> **Web page caption snippets**
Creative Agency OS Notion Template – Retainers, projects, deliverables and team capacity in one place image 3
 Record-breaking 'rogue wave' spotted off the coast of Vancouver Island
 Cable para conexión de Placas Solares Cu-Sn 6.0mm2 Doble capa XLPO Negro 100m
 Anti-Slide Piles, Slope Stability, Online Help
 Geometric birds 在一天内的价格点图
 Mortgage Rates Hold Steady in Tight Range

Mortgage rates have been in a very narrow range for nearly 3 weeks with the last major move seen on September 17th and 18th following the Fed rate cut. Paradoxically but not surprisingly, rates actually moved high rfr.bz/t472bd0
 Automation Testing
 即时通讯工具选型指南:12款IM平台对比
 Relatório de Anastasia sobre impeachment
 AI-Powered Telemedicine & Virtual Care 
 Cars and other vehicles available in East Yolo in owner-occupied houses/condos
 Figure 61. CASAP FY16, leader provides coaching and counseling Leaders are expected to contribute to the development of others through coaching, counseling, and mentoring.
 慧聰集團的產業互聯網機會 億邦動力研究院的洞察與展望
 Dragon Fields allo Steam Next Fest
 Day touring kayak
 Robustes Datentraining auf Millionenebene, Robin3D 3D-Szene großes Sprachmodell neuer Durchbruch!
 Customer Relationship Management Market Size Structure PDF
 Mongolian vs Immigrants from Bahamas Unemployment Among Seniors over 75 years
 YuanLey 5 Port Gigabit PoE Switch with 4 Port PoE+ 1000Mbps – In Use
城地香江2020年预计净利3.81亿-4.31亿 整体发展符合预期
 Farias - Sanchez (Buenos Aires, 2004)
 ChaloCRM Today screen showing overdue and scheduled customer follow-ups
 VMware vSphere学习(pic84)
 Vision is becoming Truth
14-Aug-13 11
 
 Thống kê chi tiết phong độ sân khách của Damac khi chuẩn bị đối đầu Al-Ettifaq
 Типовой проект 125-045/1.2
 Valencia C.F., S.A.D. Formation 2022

> **The task**
Copy, please, every line from the start of the entries down to the line that holds "Mortgage rates have", with both of those lines included and no others.

> **Problem solution**
Creative Agency OS Notion Template – Retainers, projects, deliverables and team capacity in one place image 3
 Record-breaking 'rogue wave' spotted off the coast of Vancouver Island
 Cable para conexión de Placas Solares Cu-Sn 6.0mm2 Doble capa XLPO Negro 100m
 Anti-Slide Piles, Slope Stability, Online Help
 Geometric birds 在一天内的价格点图
 Mortgage Rates Hold Steady in Tight Range

Mortgage rates have been in a very narrow range for nearly 3 weeks with the last major move seen on September 17th and 18th following the Fed rate cut. Paradoxically but not surprisingly, rates actually moved high rfr.bz/t472bd0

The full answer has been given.